Improv Vs. Comedy 2: This time it's personal

Hello Ben. Hello blog readers. Hello monitoring software. It's been too long.

Does improv need to make an audience laugh?

Short answer, no.

If you're after a longer, more rambling reply (and I suspect you are), then I'd say that improv doesn't need to make the audience laugh any more than a play does. Or a book, tv show... whatever. Drama can be just as entertaining as the funny that improv usually busts out, insofar as a hardcore need for amusement goes, I think audiences like variety - who doesn't? A bleak script/show tends to benefit from the contrast of some form of comedy; it can serve to juxtapose whatever tragedy the piece is about. It doesn't need to be funny, but it doesn't need to not be.

There's a common view that because most (frequently all the shows a given person has seen) improv shows are comedic, all improv shows are comedic. It isn't true and it bugs me plenty, but we're dealing with a funny old art form. It's been around in a coherent form for at least 500 years (that might warrant a guest blogger to explain properly by the way. Watch this space...) and so few practitioners seem to want to do more than emulate Whose Line.

Wait.

I'm off topic.

Anyhoo. I think a show needs fulfil any promises it has made to an audience. By which I mean if you're selling a show as funny, you have to bring the funny. Imagine going to the "action movie of the decade" and finding out that it's a period drama about a happy goatherd and his affable father. It would be totally contrary to your expectations and you'd rightly feel cheated.

Improv can and ought to cater to a range of tastes. We've all (I hope) seen beautiful improvised moments of deep anguish, blazing anger or poignant emotional truth that have stood out in a show precisely because they weren't funny. They were real, beautiful moments of drama, joy, whatever. And here's the kicker folks, not being funny makes you funnier.

I've only phrased it like that to keep you interested, I'm a shill.

Improv, to my mind, is about stories not comedy.

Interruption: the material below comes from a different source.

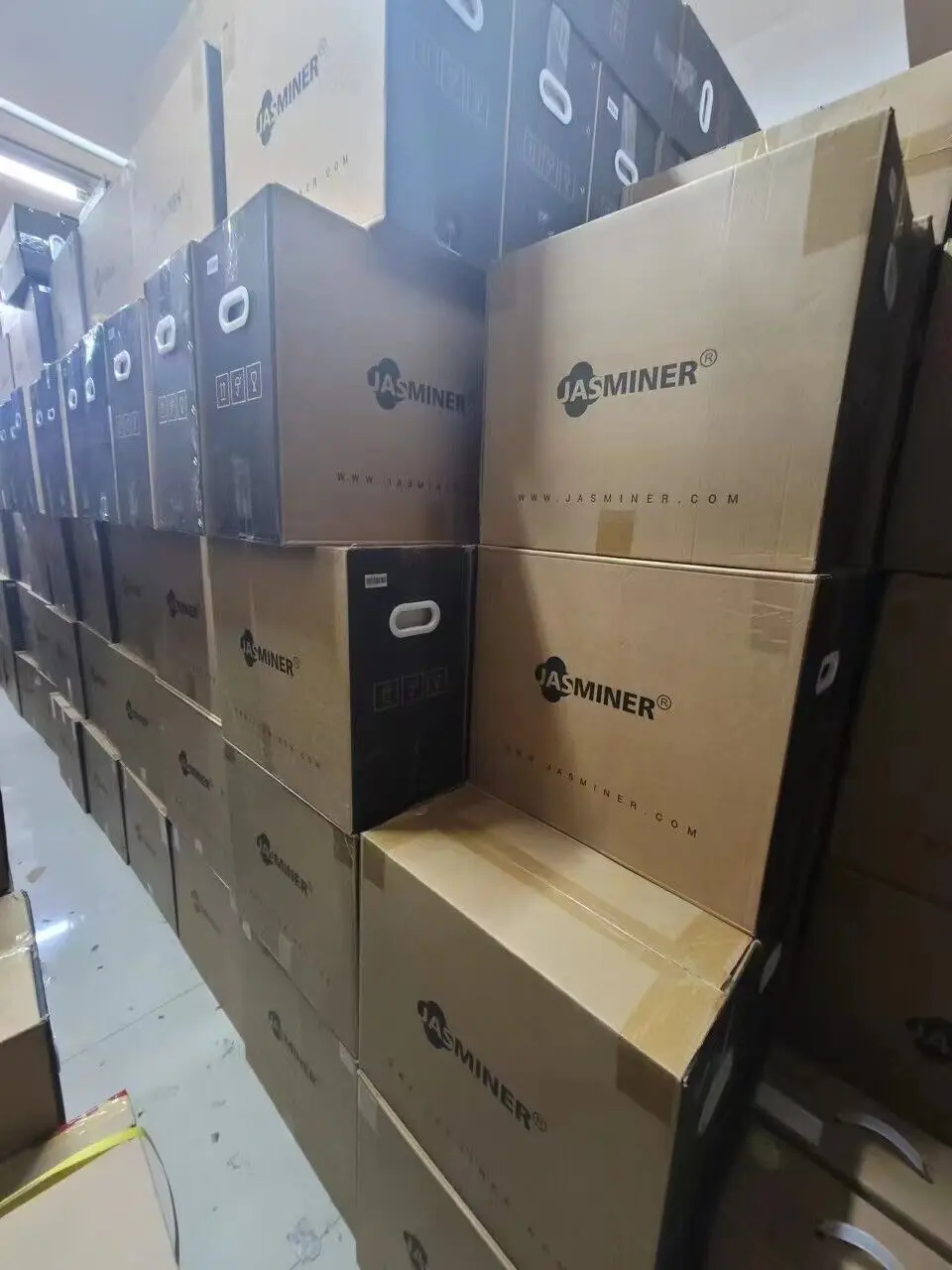 

Jasminer X16-Q 1950M ETC ETHW Miner 620 Вт 8 Гб Высокая производительность 3U тихий серверный встроенный блок питания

Comedy is great, it's phenomenal at killing stories, which means it's a brilliant finishing move. But if all you've got is gag after gag after gag, it's going to get samey. And, as we all know, samey leads to fear, fear leads to hate and hate leads to bland shows.

And don't nobody pay for bland. Except maybe the Amish. (I wonder if they'll email and complain? Are there cyber-Amish? "We only use Windows 3.1. Every subsequent O/S is evil. Eeeeeevil.")

The trick I refer to is this: imagine the joke you could crack after 20 seconds. Now don't do it, keep playing it straight. Try making it to 40 seconds, then a minute. Then bust out the funny! Whatever gag will have more impact, simply because it contrasts. It's a change from what has gone before. Moreover, it's probably the end of the scene which makes you seem funnier! Pow! Zap! Blam!

My point, far from it though I may be, is this:

Improv in a vacuum doesn't need to be funny.

Improv that wants people to pay money to come see - moreover, that wants those people to come back to see it again - doesn't need comedy. It just has an easier time acheiving his goals with funny than without.

I don't know anyone who's looking to see a really well improvised tragedy. And maybe that's because nobody's selling yet...

I guess my short answer is in the second paragraph.

And it's this: "[improv] doesn't need to be funny, but it doesn't need to not be."

But what do I know? I am, after all, just a humble tailor.